Justices Ruth Bader Ginsburg and Sonia Sotomayor dissented.
In a statement issued after the ruling Monday, Phillips’ Supreme Court lawyer praised the decision.
“Government hostility toward people of faith has no place in our society, yet the state of Colorado was openly antagonistic toward Jack’s religious beliefs about marriage. The court was right to condemn that,” said Kristen Waggoner, the Alliance Defending Freedom senior counsel who argued Phillips’ case.
Waggoner said Phillips is willing to sell ready-made products to anyone who enters his store. But, “he simply declines to express messages or celebrate events that violate his deeply held beliefs,” she said.
Phillips was at his shop Monday morning, where he was busy answering the phone and getting congratulations from his supporters in person, including his pastor.
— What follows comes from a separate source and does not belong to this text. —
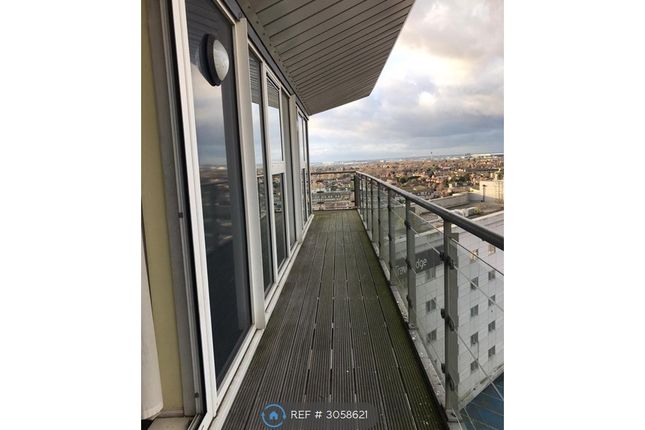 Flat, Hamlyn House High Street, Feltham photo 3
One woman brought him a bouquet of flowers and others hugged him.
The American Civil Liberties Union, which represented the couple in its legal fight, said it was pleased the court did not endorse a broad religion-based exemption from anti-discrimination laws.
“The court reversed the Masterpiece Cakeshop decision based on concerns unique to the case but reaffirmed its longstanding rule that states can prevent the harms of discrimination in the marketplace, including against LGBT people,” said Louise Melling, the ACLU’s deputy legal director.
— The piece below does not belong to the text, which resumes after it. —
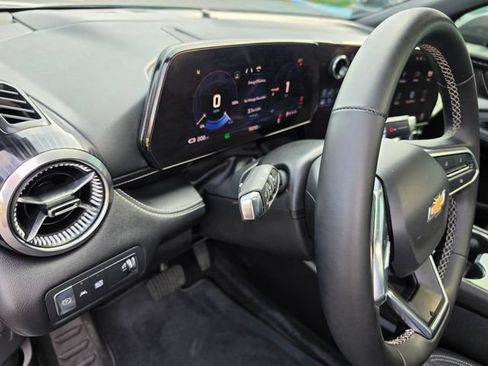 Used 2024 Chevrolet Blazer EV LT AWD/4WD image 20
Several legal disputes are pending over wedding services similar to the Phillips case. Video producers, graphic artists and florists are among business owners who say they oppose same-sex marriage on religious grounds and don’t want to participate in same-sex weddings.
Barronelle Stutzman, a florist in Richland, Washington, has appealed a state Supreme Court ruling that found she violated state law for refusing to provide the wedding flowers for two men who were about to be married.
The justices could decide what to do with that appeal by the end of June.